## EXERCISE INPUT
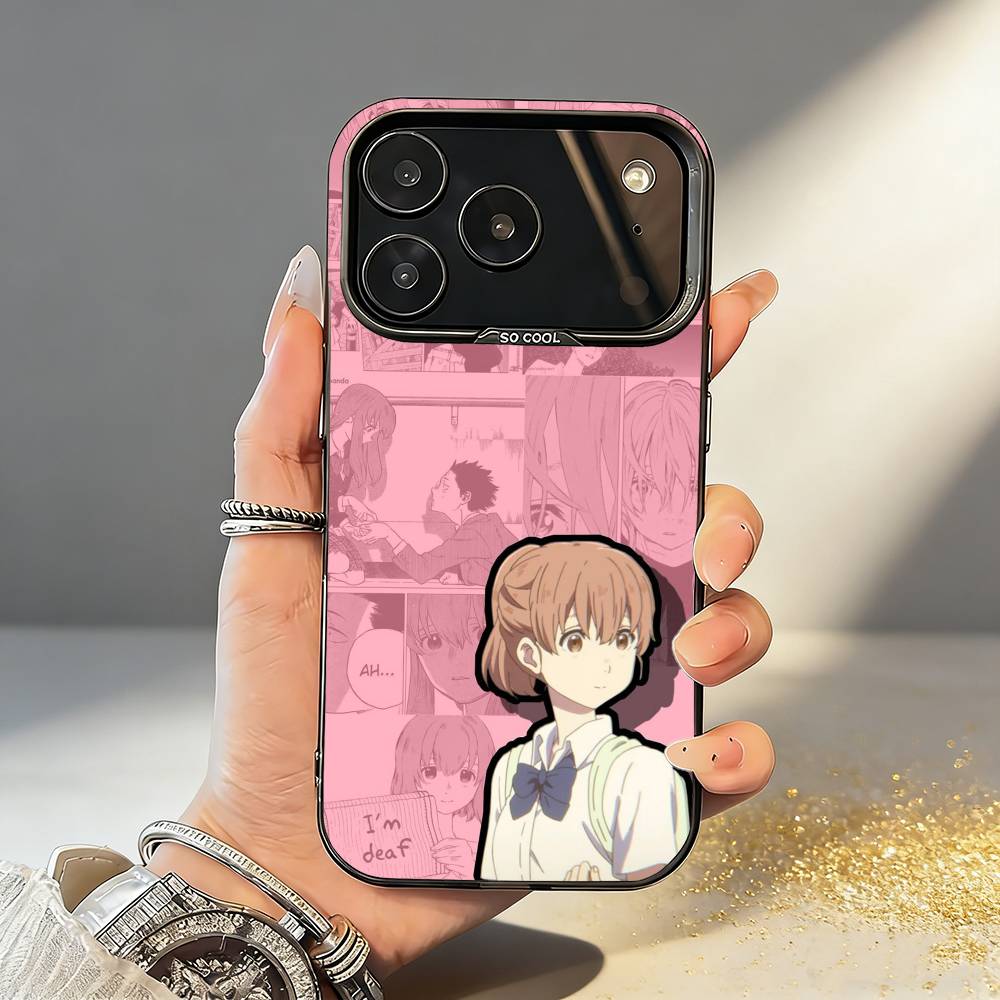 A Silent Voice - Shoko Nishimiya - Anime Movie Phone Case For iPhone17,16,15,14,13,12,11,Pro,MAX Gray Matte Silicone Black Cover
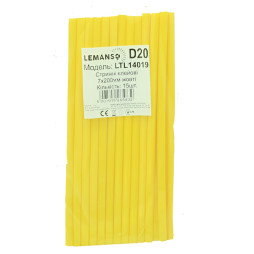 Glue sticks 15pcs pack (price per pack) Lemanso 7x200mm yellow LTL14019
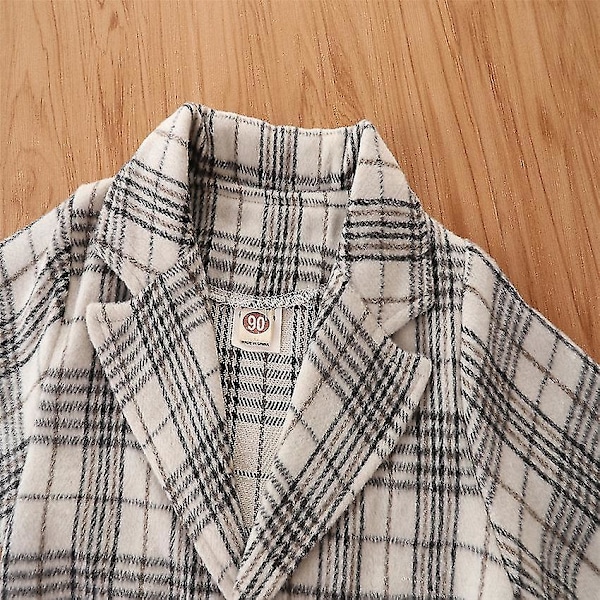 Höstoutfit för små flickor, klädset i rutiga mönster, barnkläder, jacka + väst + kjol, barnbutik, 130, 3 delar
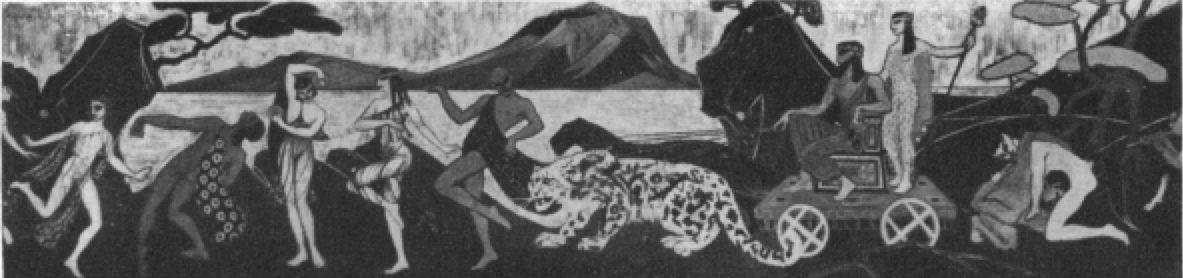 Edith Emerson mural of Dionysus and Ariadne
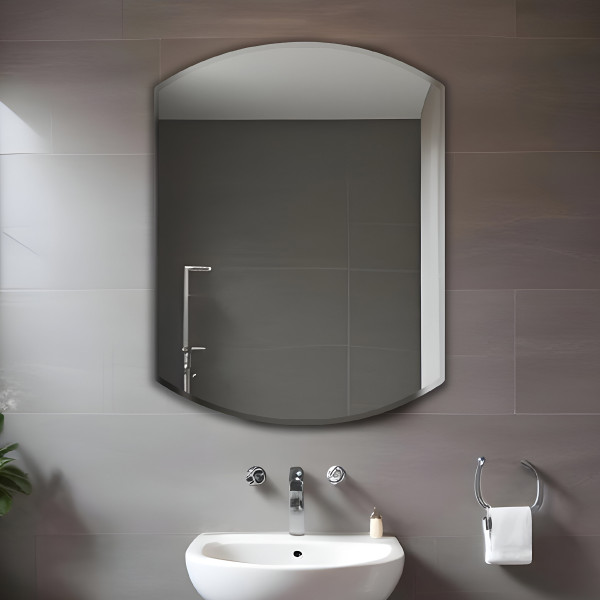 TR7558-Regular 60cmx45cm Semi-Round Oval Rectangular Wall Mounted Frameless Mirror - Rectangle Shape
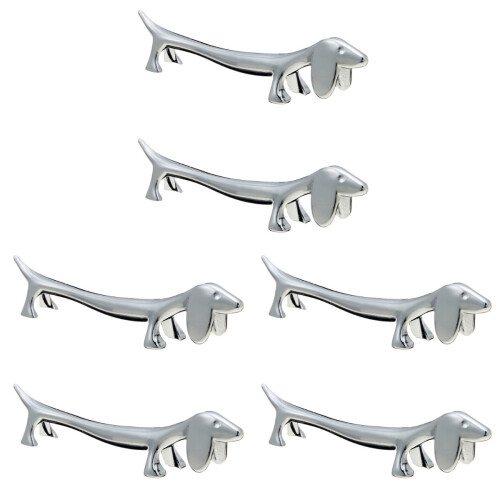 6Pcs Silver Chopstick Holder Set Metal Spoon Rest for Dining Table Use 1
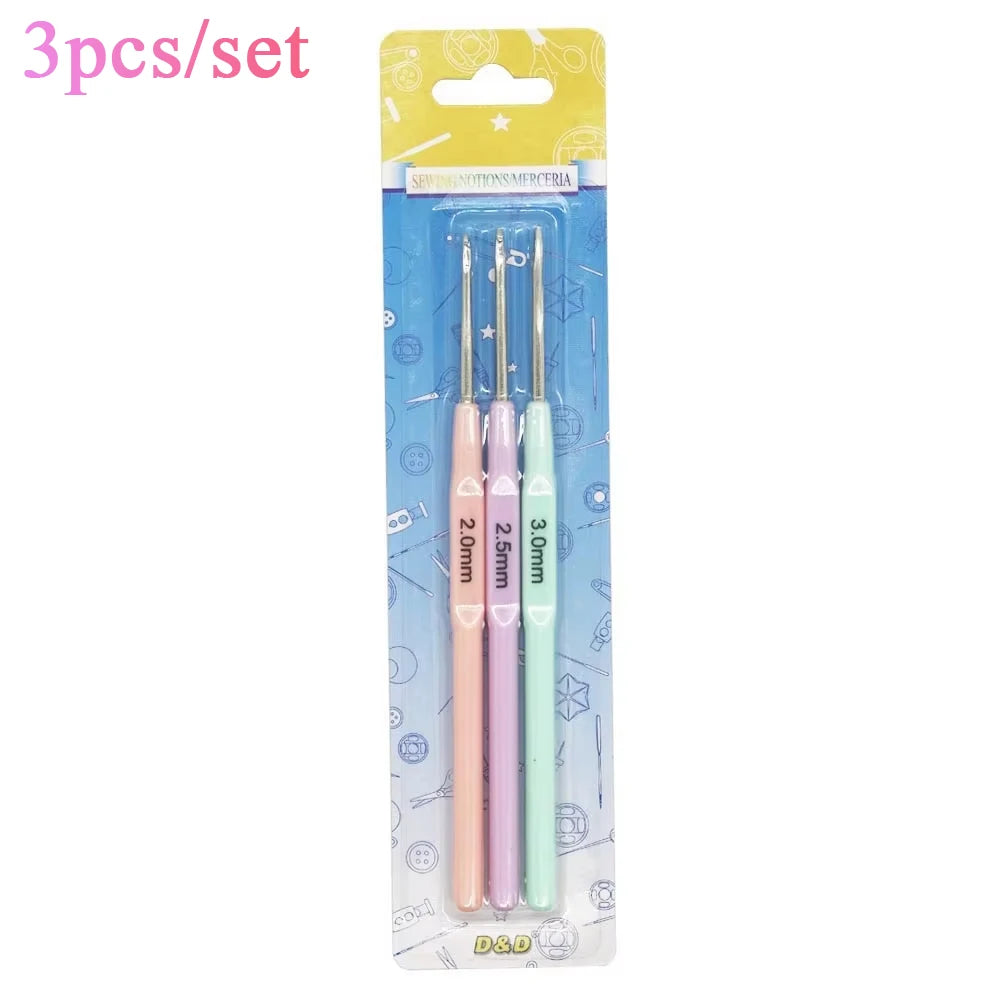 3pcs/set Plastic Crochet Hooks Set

## WORK REQUEST
Because the copy must hold no pictures, return only the lines that run from the line containing "TR7558-Regular 60cmx45cm Semi-Round" to the end of the data above, each exactly as it stands.

## ANSWER SECTION
 TR7558-Regular 60cmx45cm Semi-Round Oval Rectangular Wall Mounted Frameless Mirror - Rectangle Shape
 6Pcs Silver Chopstick Holder Set Metal Spoon Rest for Dining Table Use 1
 3pcs/set Plastic Crochet Hooks Set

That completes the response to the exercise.